Write out the lines of the material below exactly, beginning at the line with "Domači računalniki proti koronavirusu" and stopping after the line with "The conflicting peptide", and leave out the pictures.
BEGIN Task input
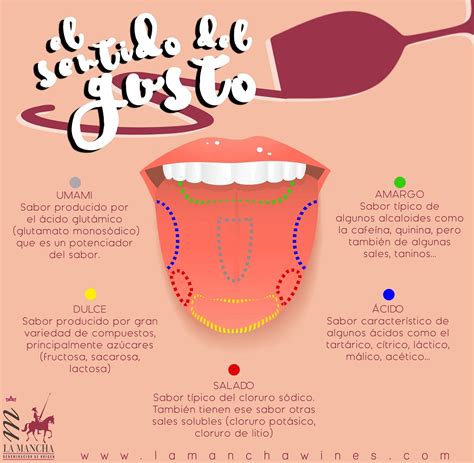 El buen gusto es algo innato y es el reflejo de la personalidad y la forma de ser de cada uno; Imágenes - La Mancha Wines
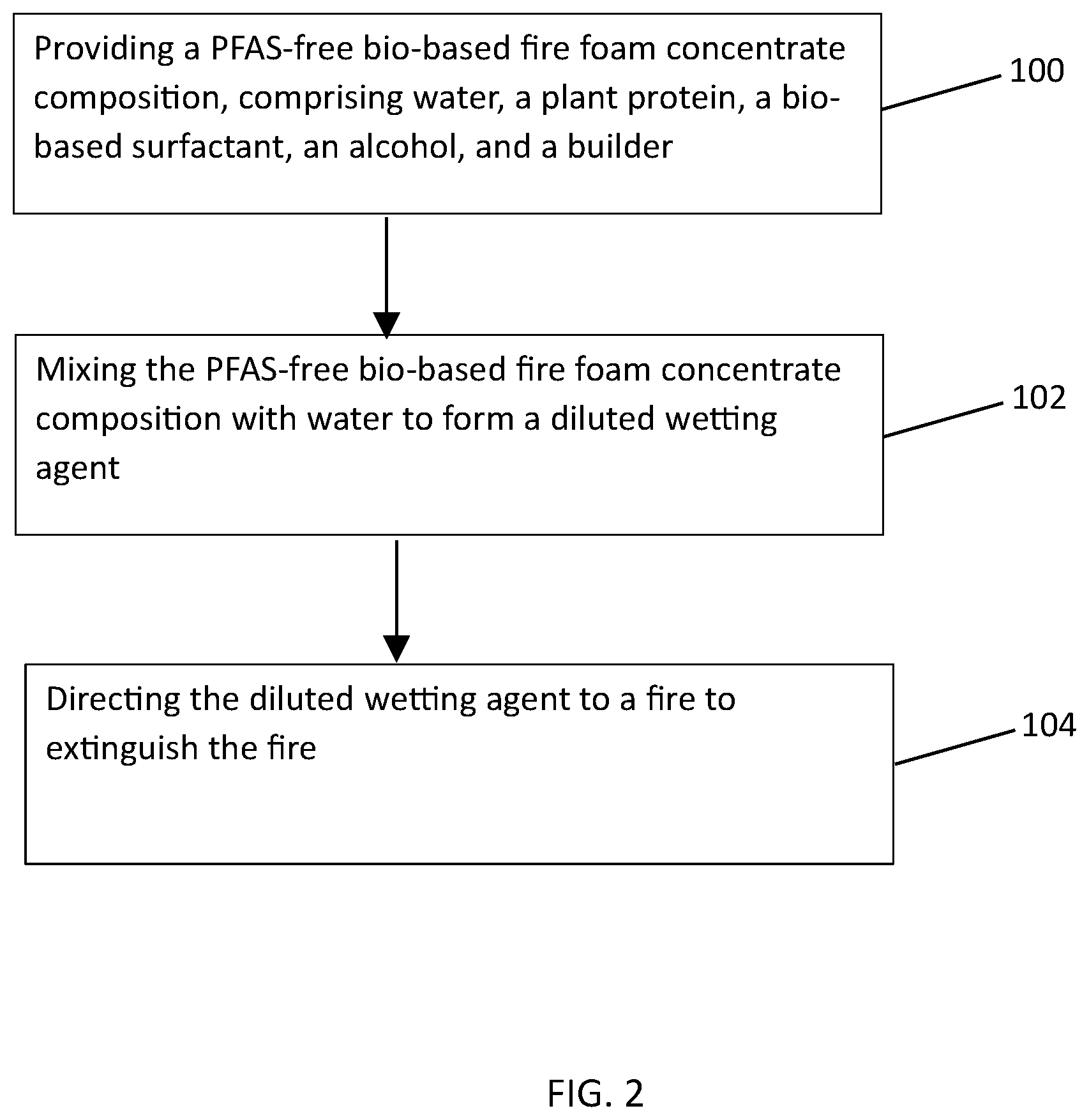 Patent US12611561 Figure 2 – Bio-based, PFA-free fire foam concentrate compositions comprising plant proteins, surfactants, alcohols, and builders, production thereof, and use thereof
END Task input
BEGIN Task input
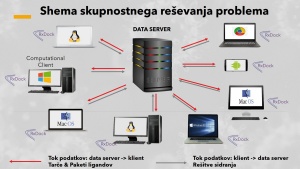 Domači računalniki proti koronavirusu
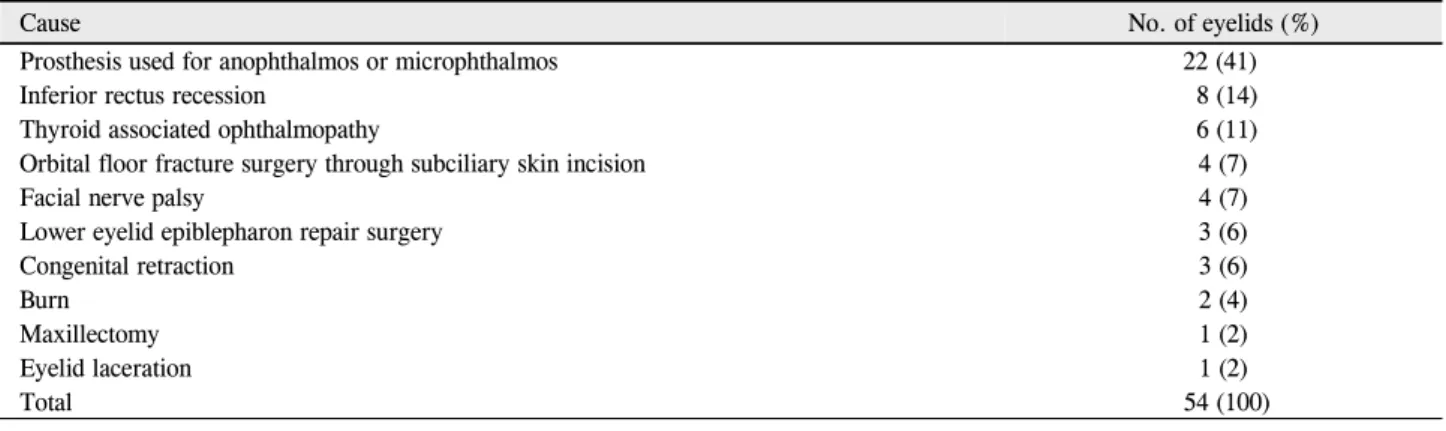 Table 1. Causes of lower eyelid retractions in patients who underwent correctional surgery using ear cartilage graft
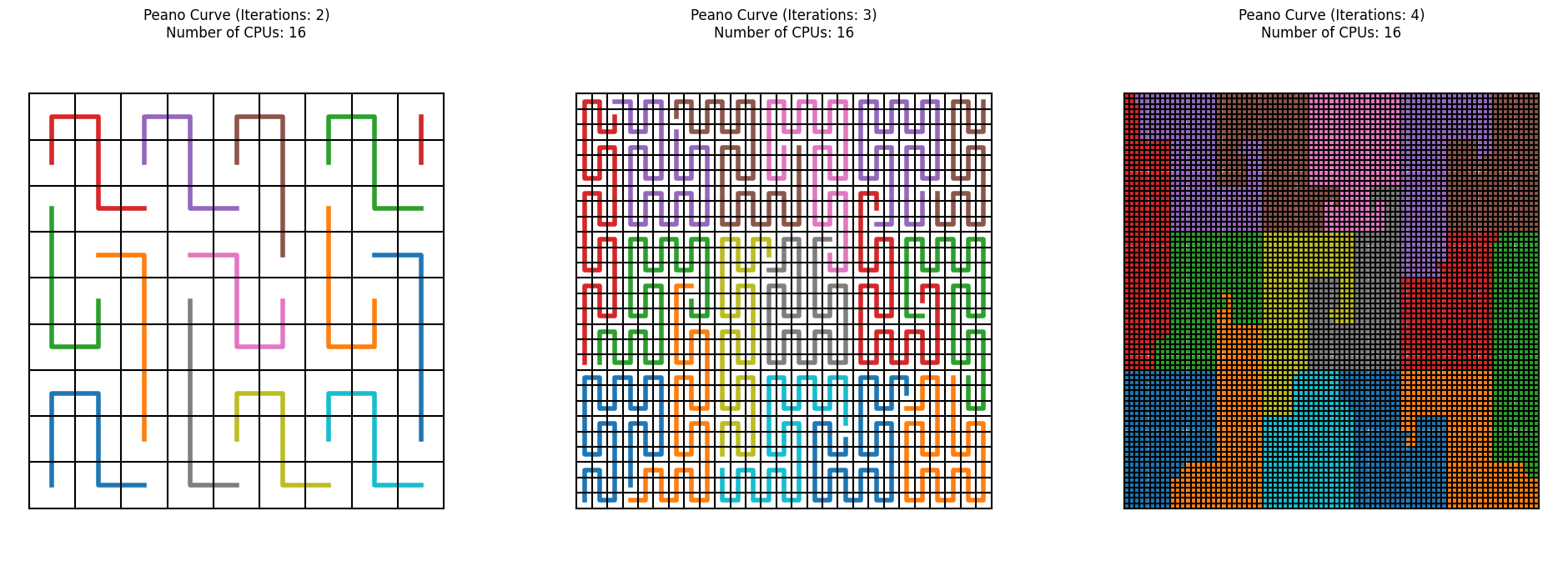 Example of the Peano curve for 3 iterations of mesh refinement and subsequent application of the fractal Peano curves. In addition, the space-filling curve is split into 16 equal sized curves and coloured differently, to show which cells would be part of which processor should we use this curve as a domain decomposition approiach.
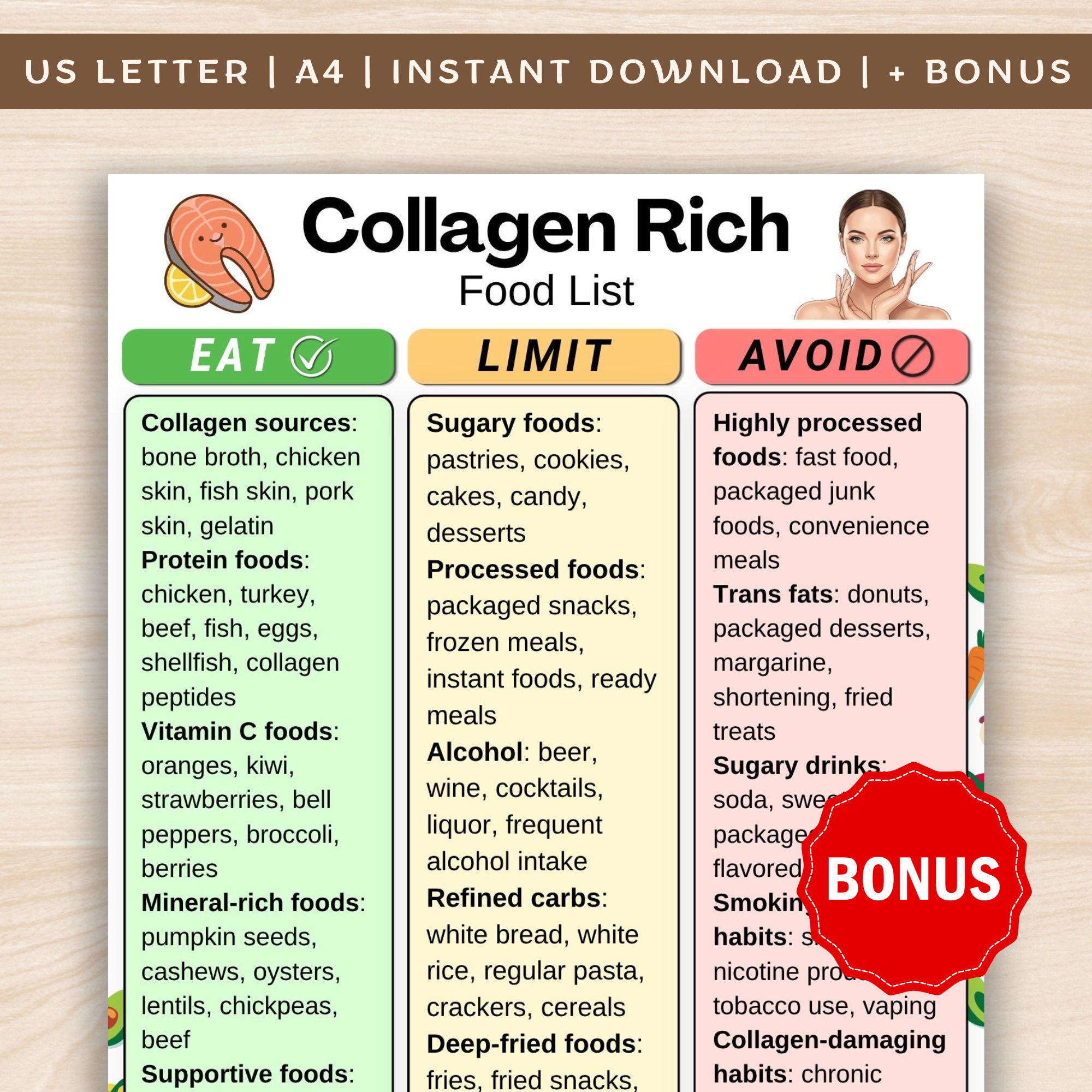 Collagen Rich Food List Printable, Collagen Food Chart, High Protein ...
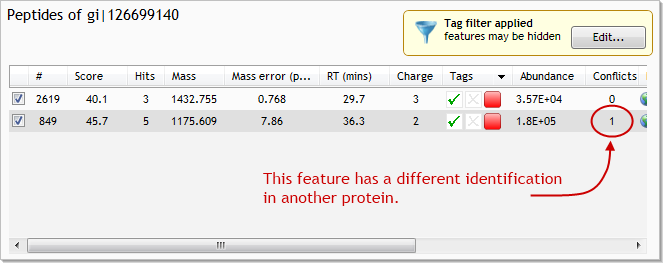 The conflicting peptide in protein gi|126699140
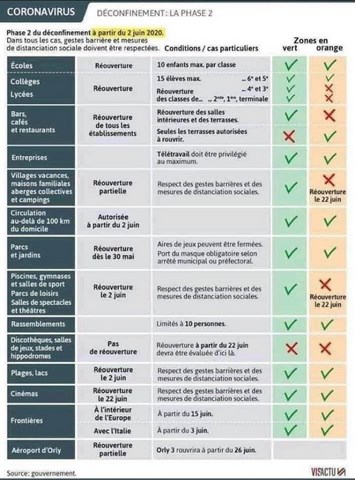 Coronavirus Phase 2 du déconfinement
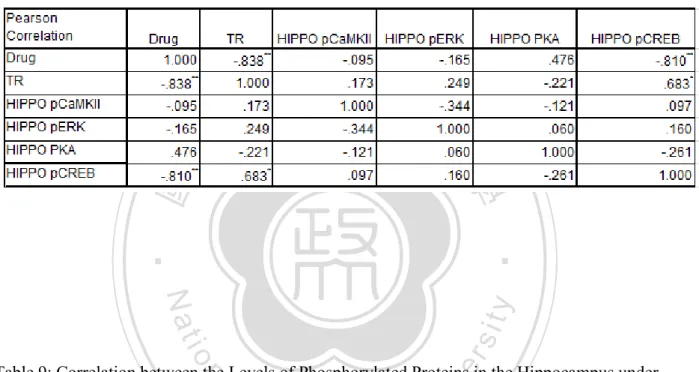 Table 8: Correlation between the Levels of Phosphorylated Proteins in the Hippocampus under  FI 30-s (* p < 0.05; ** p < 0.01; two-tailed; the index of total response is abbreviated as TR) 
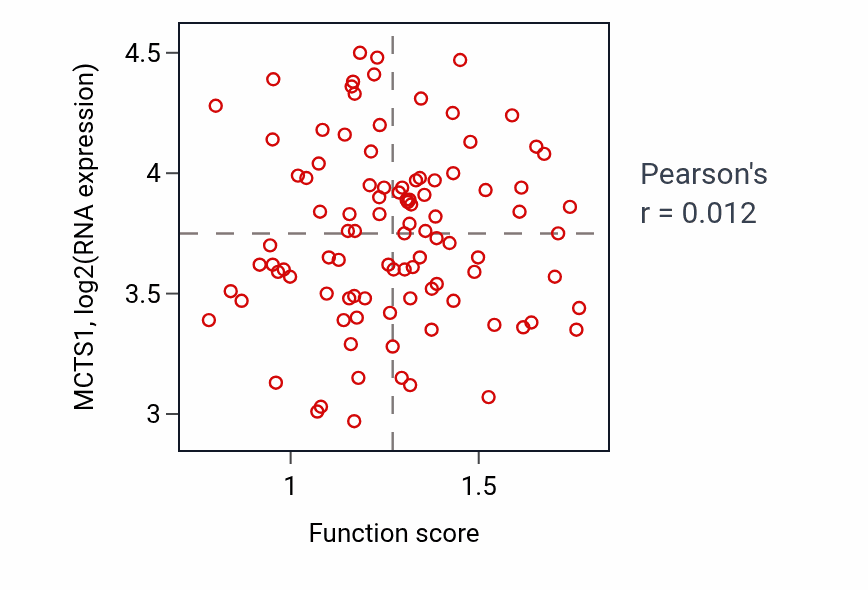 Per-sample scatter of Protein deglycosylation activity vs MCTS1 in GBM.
END Task input
### [Problem solution]
 Domači računalniki proti koronavirusu
 Table 1. Causes of lower eyelid retractions in patients who underwent correctional surgery using ear cartilage graft
 Example of the Peano curve for 3 iterations of mesh refinement and subsequent application of the fractal Peano curves. In addition, the space-filling curve is split into 16 equal sized curves and coloured differently, to show which cells would be part of which processor should we use this curve as a domain decomposition approiach.
 Collagen Rich Food List Printable, Collagen Food Chart, High Protein ...
 The conflicting peptide in protein gi|126699140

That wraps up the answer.